Auvik incident
Service Degraded - Discovery Consolidation on US6 Cluster
Auvik experienced a minor incident on February 3, 2025 affecting us6.my.auvik.com, lasting 2h 32m. The incident has been resolved; the full update timeline is below.
Affected components
Update timeline
- investigating Feb 03, 2025, 07:23 PM UTC
Affected Services: Discovery Consolidation Cluster(s): US6 Description: We are currently experiencing degraded performance with the consolidation of devices. Our team is actively investigating the root cause and working to resolve the issue as quickly as possible. Impact: Users may experience issues with new device discovery and consolidation. Services: Alerting is not impacted. Next Steps: We will provide updates as more information becomes available or by 19:30 UTC. Thank you for your patience as we work to restore full functionality.
- investigating Feb 03, 2025, 07:42 PM UTC
Affected Services: Discovery Consolidation Cluster(s): US6 Description: We are currently experiencing degraded performance with the consolidation of devices. Our team is still actively investigating the root cause and working to resolve the issue as quickly as possible. Impact: Users may experience issues with new device discovery and consolidation. Services: Alerting is not impacted. Next Steps: We will provide updates as more information becomes available or by 20:30 UTC. Thank you for your patience as we work to restore full functionality.
- identified Feb 03, 2025, 08:31 PM UTC
Affected Services: Discovery Consolidation Cluster(s): US6 Description: Our team has identified the root cause of the degraded performance affecting new device discovery consolidation. Cluster(s): US6. We are currently investigating a solution to restore normal service levels. Impact: While we work on the resolution, users will continue to experience device discovery and consolidation. Services: Alerting is not impacted. Next Steps: Our team is actively working to resolve the issue and will provide updates as progress is made or within the next hour Thank you for your patience as we work to restore full functionality.
- monitoring Feb 03, 2025, 08:42 PM UTC
Affected Services: Discovery Consolidation Cluster(s): US6 Description: Our team has implemented a fix for the issue affecting the consolidation of devices, and the performance consolidation of devices is returning to normal. We are monitoring the situation to ensure stability and confirm that the service remains fully functional. Impact: Service is returning to normal; however, we continue monitoring for irregularities. Services Alerting was not impacted. Next Steps: We will provide a final update once we confirm the issue is fully resolved. Thank you for your patience, and we apologize for any inconvenience caused.
- resolved Feb 03, 2025, 09:56 PM UTC
Affected Services: Discovery Consolidation Cluster(s): US6 Description: The issue affecting Discovery Consolidation has been fully resolved. Normal service has been restored, and all systems are now operating as expected. Impact: Users should no longer experience any issues related to this incident. Next Steps: We are preparing a detailed Root Cause Analysis (RCA) report to provide further insights into the incident and preventive measures. Thank you for your patience, and we apologize for any inconvenience caused.

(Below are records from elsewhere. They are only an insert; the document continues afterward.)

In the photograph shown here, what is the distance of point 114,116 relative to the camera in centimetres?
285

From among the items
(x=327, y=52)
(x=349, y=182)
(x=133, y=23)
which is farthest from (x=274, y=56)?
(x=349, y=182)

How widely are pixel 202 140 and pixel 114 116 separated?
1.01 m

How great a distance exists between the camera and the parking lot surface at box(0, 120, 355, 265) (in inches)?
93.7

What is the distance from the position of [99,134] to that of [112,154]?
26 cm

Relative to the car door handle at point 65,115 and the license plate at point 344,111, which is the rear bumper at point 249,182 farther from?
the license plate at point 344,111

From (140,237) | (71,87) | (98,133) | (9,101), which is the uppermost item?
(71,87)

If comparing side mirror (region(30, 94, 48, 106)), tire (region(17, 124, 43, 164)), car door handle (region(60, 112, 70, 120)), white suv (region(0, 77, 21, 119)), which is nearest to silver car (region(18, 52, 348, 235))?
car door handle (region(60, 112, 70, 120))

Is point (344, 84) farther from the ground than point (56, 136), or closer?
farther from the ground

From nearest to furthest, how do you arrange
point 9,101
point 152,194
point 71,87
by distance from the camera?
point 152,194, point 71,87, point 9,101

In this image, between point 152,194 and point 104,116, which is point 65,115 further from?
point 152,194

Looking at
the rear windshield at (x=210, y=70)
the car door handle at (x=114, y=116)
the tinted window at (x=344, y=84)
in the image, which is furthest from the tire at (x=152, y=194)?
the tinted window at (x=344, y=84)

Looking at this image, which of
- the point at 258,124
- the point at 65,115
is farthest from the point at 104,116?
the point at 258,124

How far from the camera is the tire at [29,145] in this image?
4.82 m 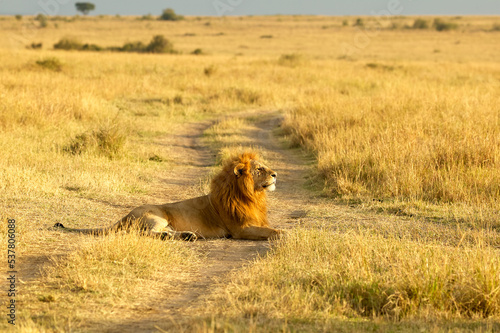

- postmortem Feb 10, 2025, 03:27 PM UTC
# **Service Degraded - Newly discovered devices and consolidation are not working for clients on the US6 cluster.** ## **Root Cause Analysis** ### Duration of incident Discovered: Feb 02, 2023 17:00 - UTC Resolved: Feb 02, 2023 21:30 - UTC ### Cause A reorganization of engineering caused a permission change for tenant migrations. ### Effect This change caused permission issues with a tenant migration to another cluster, which, in turn, also caused problems with consolidation on the same cluster. ### Action taken _All times in UTC_ **02/03/2025** **16:58 –** A tenant is migrated off of the US6 cluster. **18:00 –** Engineering is aware of consolidation issues for clients on the US6 cluster and begins investigating. **20:28 –** The initial cause for the interruption is determined. Engineering disables the migration service. **20:34 –** The tenant migration that caused the issues is identified. **20:47 –** The root cause of the interruption of services is identified. **21:15 –** The underlying issues that caused the service interruption are fixed. **21:45 –** Tenant migration is re-enabled tenant migrations in the consolidation service. **22:01 –** The problematic tenant is successfully migrated. **22:39 –** All services are confirmed to be running as intended. ### Future consideration\(s\) * Auvik is reviewing permission changes that have occurred and validating tests of the blast radius of the changes. * Any changes will have full comments and documentation created to follow the changes better. * Auvik will set up a test migration regularly to validate tenant migration functionality.